■ Work instruction: This exercise calls for the whole listing to be given again exactly, without images.

■ Dataset content:
● ● ●

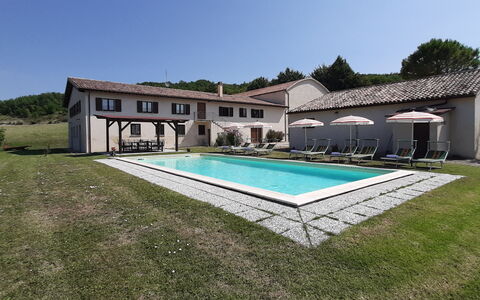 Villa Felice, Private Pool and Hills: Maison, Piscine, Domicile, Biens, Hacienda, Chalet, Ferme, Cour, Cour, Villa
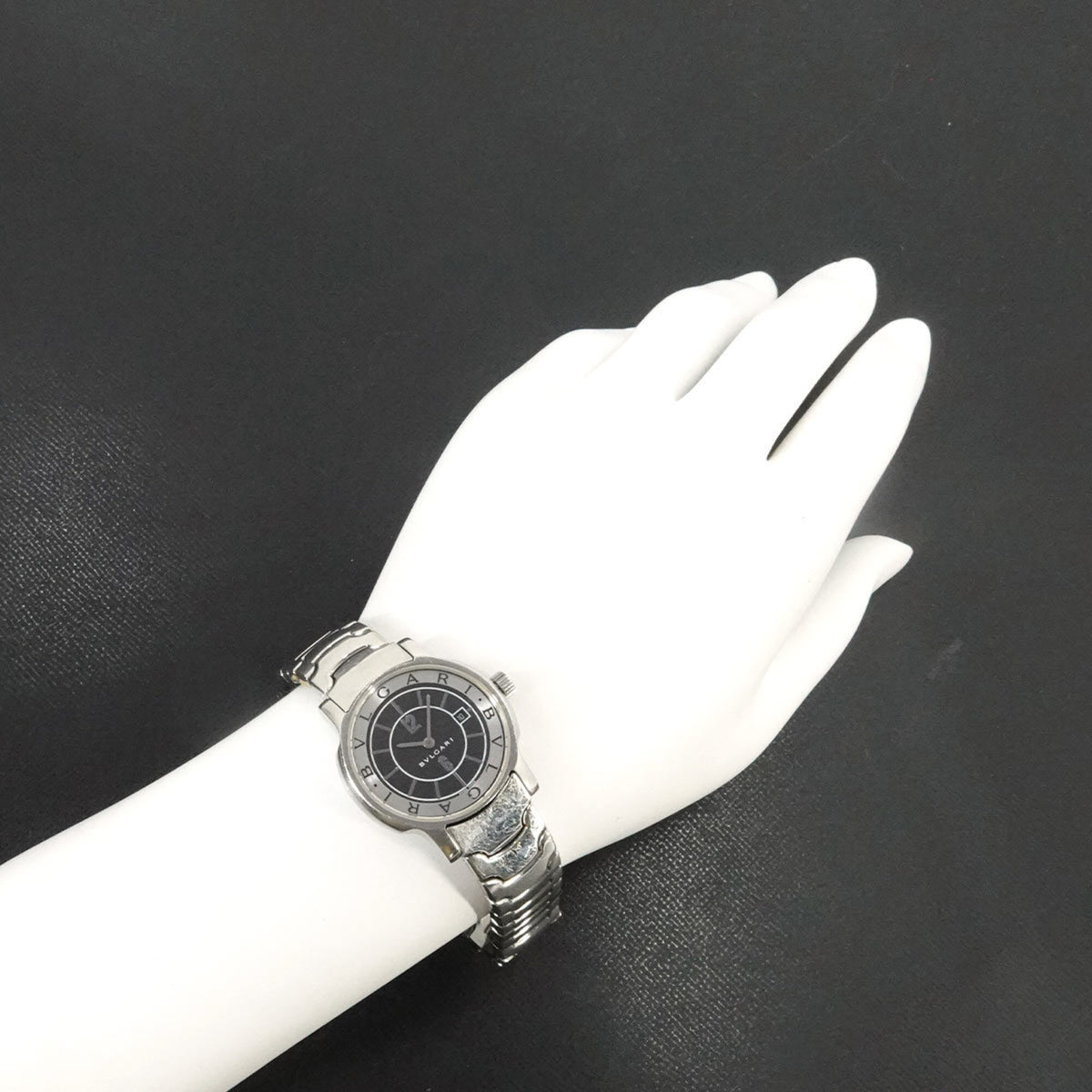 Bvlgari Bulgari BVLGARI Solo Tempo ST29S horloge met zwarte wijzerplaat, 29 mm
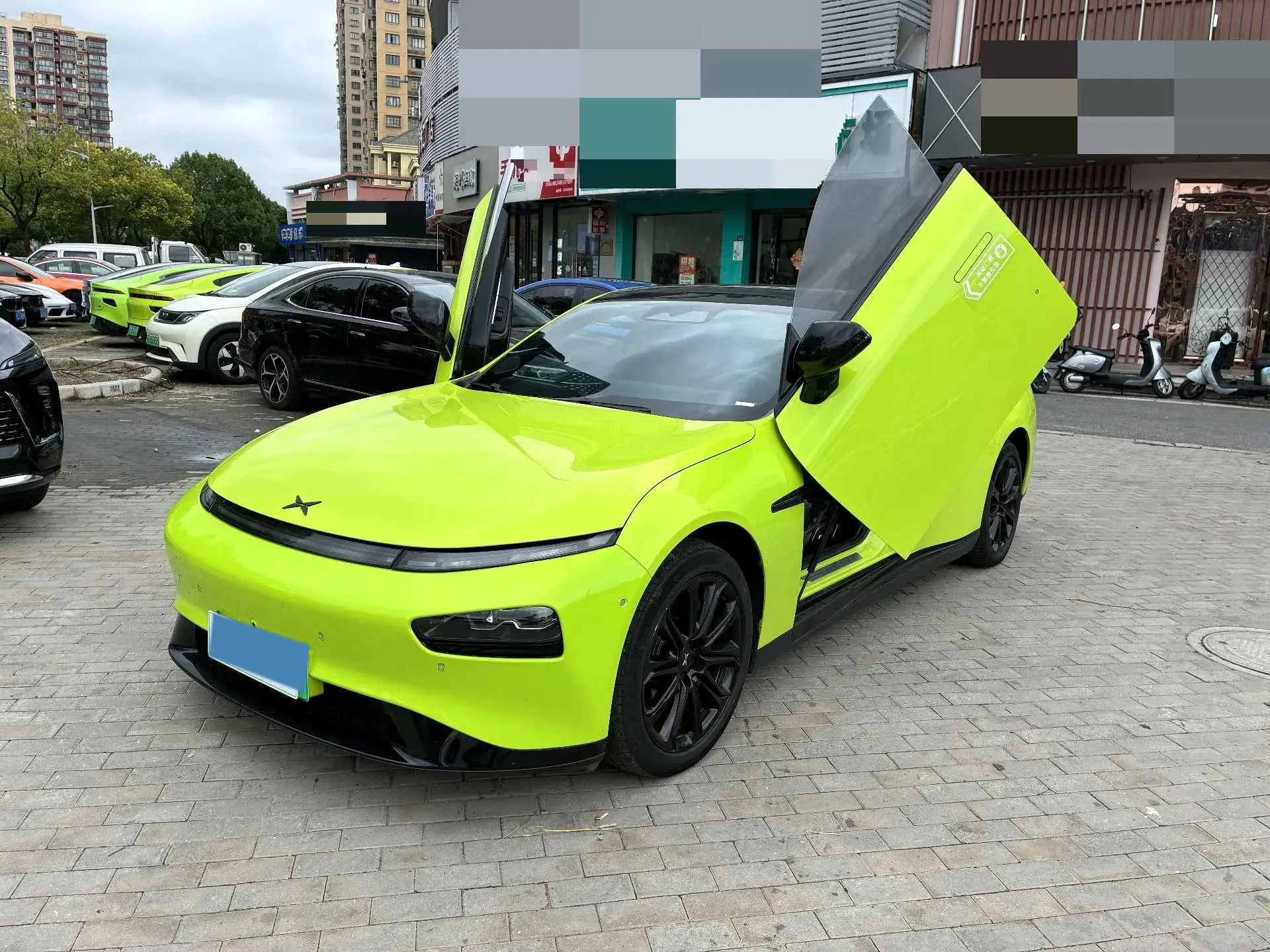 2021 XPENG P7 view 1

● ● ●

■ Exercise result:
 Villa Felice, Private Pool and Hills: Maison, Piscine, Domicile, Biens, Hacienda, Chalet, Ferme, Cour, Cour, Villa
 Bvlgari Bulgari BVLGARI Solo Tempo ST29S horloge met zwarte wijzerplaat, 29 mm
 2021 XPENG P7 view 1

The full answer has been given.